A Review by Brian May 17/8/05

Paradise Towers benefits from a fascinating script, but the onscreen realisation is affected by two major failings: presentation and tone, which combine to make the viewing experience a less than enjoyable one. For a cleverly-crafted story that's both macabre black comedy and stinging social satire, it's unfortunate that it was made when Doctor Who was at its lightweight worst. Season 24 is not among the programme's finest days, and you only need to look at this adventure's production values to see this.

The whole feel is wrong. The sets are dull: they don't look like the rundown housing estate this place is meant to be. They look like television sets slightly dirtied up. The lights are too bright; it's not intended to be a Hinchcliffe/Holmes horror, but you'd think the subject of urban decay is gloomy enough to demand below normal light levels. The music is atrocious; the synthesised, 1980s dance-beat is inappropriate, intrusive and just plain bland. Give me Dudley Simpson at his worst any day! The direction and editing are woeful. Nicholas Mallett has a shocker, apparently thinking he's at the helm of a rock video or a cartoon. Everything is all over the place, from camera angles to close-ups, dialogue exchanges and risible action scenes. Characters and scenes just come and go, and there's no sense of any breadth or depth - Paradise Towers is not the vast complex it's supposed to be. It's just a few sets in a television studio. Obviously all Who interiors are the same, but it's usually imaginative direction that accentuates the illusion - but there's none of that here. The cleaners are quite well designed, but they could have been kept hidden a bit more, perhaps for an end of episode revelation. Speaking of the cliffhangers, they're all drab (episode three's is especially bad) and the waste disposal unit's "abduction" of the Rezzies could have been truly shocking, instead of just being shockingly awful.

The Kangs are extremely overacted, wearing on the nerves very quickly, and all the "Scaredy cat" and "Cowardly cutlet!" chants and insults are juvenile to the extreme. Only one of them is well acted, and that's Annabel Yuresha as Bin Liner, but she has the air of a fresh RADA graduate who's only taken the role because the RSC hasn't called her back yet. Howard Cooke is horribly miscast as Pex; his over-the-top, comic-book performance means the character's subtleties and underlying tragic aspects are lost. But if you really want OTT, simply go to Richard Briers as the Chief Caretaker. I don't know what such a fine actor was thinking. Granted, he's competent, albeit uninspiring, in the first two episodes with a camp creepiness, but in the second half he deteriorates into a stupefyingly horrendous, almost unspeakable, excuse for a performance. He's given himself over to hammy antics and Basil Fawlty blustering that is truly one of Doctor Who's most embarrassing star turns.

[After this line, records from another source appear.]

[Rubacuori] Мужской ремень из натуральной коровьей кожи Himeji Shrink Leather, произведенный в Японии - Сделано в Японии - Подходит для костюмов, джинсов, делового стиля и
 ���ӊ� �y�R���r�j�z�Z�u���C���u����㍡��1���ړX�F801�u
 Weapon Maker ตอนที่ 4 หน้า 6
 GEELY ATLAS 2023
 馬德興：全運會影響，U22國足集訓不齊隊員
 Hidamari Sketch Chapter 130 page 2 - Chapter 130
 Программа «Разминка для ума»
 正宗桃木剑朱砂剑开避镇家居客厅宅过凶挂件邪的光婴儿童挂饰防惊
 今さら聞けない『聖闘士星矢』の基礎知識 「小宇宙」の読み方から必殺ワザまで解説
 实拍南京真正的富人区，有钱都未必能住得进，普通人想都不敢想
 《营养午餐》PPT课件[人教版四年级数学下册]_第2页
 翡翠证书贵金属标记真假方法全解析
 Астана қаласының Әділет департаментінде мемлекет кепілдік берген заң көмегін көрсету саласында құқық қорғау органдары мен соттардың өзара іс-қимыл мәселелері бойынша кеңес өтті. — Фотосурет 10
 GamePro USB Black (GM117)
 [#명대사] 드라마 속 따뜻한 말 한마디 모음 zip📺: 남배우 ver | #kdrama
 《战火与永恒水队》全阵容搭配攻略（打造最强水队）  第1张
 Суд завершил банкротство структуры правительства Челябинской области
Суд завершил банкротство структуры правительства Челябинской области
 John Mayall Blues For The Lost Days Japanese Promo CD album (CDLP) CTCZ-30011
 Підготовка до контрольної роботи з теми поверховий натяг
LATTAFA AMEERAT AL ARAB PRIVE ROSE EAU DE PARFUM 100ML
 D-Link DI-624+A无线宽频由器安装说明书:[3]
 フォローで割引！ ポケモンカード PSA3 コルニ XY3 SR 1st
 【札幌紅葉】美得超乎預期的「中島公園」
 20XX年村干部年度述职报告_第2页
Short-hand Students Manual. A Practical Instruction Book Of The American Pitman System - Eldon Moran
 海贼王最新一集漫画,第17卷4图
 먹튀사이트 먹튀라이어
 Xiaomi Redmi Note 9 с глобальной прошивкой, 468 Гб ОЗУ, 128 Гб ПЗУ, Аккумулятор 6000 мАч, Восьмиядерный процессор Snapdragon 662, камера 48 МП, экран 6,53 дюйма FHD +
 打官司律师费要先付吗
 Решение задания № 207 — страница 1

When talking about bad performances, Bonnie Langford as Mel cannot be forgotten. She's dreadful. Bad, bad, bad. What was most surprising is the fact that she was actually very good in her first story (Terror of the Vervoids). By season 24 she's deteriorated into a loud, horrid, quintessentially annoying halfwit - Langford does herself (and Mel) no favours by drawing on her pantomime background. Sylvester McCoy is a lot better - he's in his early days as the Doctor, but he's enjoyable to watch as the slapstick clown that preceded his dark, manipulative turn. However there's one scene in part four by the pool, when he describes how everyone mistrusts each other, in which he's very flat, with a delivery of lines that's uncharacteristically lifeless. But fortunately that's his only poor moment.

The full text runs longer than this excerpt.